Helmet Safety and Traumatic Brain Injury
Let’s talk helmets.
Any bicyclist or motorcyclist who does not wear a helmet is at an increased risk of head injury. Plenty of studies show that wearing helmets reduces the risk of traumatic brain injuries, facial injuries and fatal head injuries.
So why do more than half
of the millions of Americans who ride bicycles not wear helmets? A small sample size observation over the past few weeks of summer would suggest that number is about the same if not higher when it comes to those who ride skateboards and inline skates.

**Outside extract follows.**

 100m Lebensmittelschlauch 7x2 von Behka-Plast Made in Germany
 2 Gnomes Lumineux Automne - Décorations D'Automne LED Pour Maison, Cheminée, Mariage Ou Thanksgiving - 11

For motorcycles, only 19 states and the District of Columbia require all motorcyclists to wear a helmet. 28 states currently have partial laws covering those ranging from 17-20 years old and younger. 3 states (New Hampshire, Illinois and Iowa) have no laws whatsoever regarding motorcycle helmet use
Why? What’s the stigma?
It’s not cool. It’ll mess up my hair. The helmet is really hot. It’s uncomfortable. I like the wind in my hair. I feel constricted. I love how free I feel riding a motorcycle without a helmet. These are just a handful of excuses for those who choose not to wear a helmet on a motorcycle or other activity that might call for a helmet. For those who choose not to wear one, that’s their right in most states.
However, helmets reduce the risk of head injuries for bicyclists
between 60%-90%. Wearing a motorcycle helmet reduces the overall death rate
of motorcycle crashes, and cuts down the likelihood of suffering a fatal head injury
When purchasing a helmet
make sure it is meant for the specific intended activity. Some helmets are designed for multiple activities but you should make sure your activity is listed by the manufacturer. Maybe even as important as purchasing the right helmet is getting the proper fit. It should be comfortable, snug, and not move around. Ask a sales associate to help make sure you’ve got the perfect fit.